In 1986, the Schmalzes sold their property to plaintiff. That same year, Smith sold what is now defendants' property to Robert Coffelt, defendant Robert Coffelt's father. Defendants acquired the property two years later. Meanwhile, the fence fell into a state of disrepair. In 1989, defendants built a new fence in substantially the same location as the old fence.

In 1993, defendants approached plaintiff about ascertaining the true boundary of the property. Plaintiff asserted that the old fence was the boundary line. Defendants hired a surveyor to determine the property line described in the deed. Shortly thereafter, defendants logged the disputed parcel, which led to the commencement of this lawsuit.

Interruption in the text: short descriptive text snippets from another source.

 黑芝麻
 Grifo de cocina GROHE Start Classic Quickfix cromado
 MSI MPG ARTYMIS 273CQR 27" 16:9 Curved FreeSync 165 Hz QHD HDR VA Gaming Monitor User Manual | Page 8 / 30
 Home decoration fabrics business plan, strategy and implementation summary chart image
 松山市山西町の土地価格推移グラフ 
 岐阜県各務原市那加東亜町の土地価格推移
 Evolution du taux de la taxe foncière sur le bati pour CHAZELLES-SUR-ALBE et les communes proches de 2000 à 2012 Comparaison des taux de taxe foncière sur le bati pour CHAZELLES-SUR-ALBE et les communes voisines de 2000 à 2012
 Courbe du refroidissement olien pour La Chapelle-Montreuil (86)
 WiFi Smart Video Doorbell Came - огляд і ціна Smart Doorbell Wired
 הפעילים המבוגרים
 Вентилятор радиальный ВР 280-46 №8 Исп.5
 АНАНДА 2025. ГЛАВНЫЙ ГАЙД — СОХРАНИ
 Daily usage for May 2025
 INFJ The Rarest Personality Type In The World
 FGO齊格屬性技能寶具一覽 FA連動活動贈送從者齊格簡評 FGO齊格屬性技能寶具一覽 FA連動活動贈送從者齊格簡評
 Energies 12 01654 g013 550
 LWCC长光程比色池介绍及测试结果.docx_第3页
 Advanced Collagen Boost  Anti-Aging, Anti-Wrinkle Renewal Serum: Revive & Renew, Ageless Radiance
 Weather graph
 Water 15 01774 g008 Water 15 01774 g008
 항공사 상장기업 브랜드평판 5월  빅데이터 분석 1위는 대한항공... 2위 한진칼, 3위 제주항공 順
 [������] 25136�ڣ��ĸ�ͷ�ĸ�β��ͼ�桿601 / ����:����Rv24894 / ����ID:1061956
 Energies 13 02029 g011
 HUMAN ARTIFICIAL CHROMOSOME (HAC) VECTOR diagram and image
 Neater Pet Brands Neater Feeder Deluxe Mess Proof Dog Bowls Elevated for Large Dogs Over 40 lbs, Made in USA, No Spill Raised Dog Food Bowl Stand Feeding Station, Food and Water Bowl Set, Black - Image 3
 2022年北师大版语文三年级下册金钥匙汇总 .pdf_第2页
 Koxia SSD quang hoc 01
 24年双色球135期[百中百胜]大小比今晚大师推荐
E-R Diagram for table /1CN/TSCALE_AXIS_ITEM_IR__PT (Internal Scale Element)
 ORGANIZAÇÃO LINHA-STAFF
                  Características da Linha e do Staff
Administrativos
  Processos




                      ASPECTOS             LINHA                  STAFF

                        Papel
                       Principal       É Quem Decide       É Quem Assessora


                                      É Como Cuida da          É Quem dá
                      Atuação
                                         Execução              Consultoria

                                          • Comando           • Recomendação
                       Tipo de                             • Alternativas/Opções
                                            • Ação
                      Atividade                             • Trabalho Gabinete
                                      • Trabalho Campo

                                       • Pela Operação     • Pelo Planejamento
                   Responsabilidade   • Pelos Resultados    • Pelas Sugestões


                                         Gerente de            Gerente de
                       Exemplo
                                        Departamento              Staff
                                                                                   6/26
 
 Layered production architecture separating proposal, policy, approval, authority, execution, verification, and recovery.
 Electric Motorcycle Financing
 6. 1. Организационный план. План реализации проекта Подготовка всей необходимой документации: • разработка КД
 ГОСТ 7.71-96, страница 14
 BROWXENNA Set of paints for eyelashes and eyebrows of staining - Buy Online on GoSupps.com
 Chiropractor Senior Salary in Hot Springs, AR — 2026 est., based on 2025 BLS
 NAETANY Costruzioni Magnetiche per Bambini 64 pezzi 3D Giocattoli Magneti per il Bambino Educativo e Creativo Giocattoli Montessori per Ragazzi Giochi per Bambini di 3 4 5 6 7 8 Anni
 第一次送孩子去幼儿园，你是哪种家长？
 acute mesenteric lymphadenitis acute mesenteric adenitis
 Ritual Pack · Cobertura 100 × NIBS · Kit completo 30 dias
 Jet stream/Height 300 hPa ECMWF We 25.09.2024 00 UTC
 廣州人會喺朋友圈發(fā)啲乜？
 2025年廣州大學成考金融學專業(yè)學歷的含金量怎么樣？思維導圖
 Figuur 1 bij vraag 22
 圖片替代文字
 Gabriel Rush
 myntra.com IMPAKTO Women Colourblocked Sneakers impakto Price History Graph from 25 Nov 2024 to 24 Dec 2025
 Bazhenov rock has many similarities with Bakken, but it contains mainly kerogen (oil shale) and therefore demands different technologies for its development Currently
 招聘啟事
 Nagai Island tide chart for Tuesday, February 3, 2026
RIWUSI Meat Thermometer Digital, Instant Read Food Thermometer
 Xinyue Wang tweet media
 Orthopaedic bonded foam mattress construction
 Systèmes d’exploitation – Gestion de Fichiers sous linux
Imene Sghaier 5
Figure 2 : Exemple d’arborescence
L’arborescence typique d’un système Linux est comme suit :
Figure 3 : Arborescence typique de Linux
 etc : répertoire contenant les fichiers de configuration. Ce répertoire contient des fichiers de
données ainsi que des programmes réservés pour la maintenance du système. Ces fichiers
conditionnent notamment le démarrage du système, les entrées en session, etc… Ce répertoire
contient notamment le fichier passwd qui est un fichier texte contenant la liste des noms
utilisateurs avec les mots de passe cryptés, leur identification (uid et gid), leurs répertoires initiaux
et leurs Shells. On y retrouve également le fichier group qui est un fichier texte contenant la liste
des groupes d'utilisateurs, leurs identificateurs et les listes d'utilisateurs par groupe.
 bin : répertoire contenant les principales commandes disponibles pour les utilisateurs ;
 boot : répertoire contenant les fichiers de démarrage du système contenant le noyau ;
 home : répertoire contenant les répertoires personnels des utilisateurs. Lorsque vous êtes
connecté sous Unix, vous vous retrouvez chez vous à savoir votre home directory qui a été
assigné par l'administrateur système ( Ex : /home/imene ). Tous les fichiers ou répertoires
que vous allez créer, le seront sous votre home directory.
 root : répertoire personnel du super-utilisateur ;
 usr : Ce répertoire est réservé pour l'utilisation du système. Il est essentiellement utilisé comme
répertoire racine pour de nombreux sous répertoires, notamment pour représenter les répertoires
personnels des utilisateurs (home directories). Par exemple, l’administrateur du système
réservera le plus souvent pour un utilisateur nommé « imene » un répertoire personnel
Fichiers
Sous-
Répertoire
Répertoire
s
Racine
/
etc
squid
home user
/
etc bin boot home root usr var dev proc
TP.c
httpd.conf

At trial, plaintiff contended that he had acquired the triangle of disputed property by adverse possession. He argued that he and his predecessors had possessed the land honestly believing that it was theirs for more than 10 years and that they put defendants and their predecessors on notice of that by their use of the property as owners. In support of that argument, plaintiff relied on the fact that, in the 1950s, Pickett's father had logged the property and that, in the 1960s, Schmalz grazed goats on the property. He also testified that, between 1986 and 1993, he had walked the disputed parcel "four or five times, three or four times" looking unsuccessfully for deer. He testified further that, during that same period of time, on an unspecified number of occasions, he allowed Pickett to graze his cows on the grassy strip in the middle of the disputed parcel, although he said the grass "wouldn't keep one cow."

The trial court concluded that the foregoing facts created "a close question," but ultimately it concluded that plaintiff's predecessors had acquired title by adverse possession before plaintiff acquired his property. The court cited in support of its decision (1) that the fence put defendants on notice that plaintiff's predecessors had a claim to the disputed parcel; (2) that plaintiff's predecessors had logged the land in the 1950s and, in 1985; (3) that one of plaintiff's predecessors, Schmalz, grazed goats on the property; and (4) that plaintiff allowed Pickett to graze his cattle on the property. The trial court further concluded that, because plaintiff had obtained title to the disputed parcel by the time defendants logged it in 1993, plaintiff is entitled to damages for timber trespass.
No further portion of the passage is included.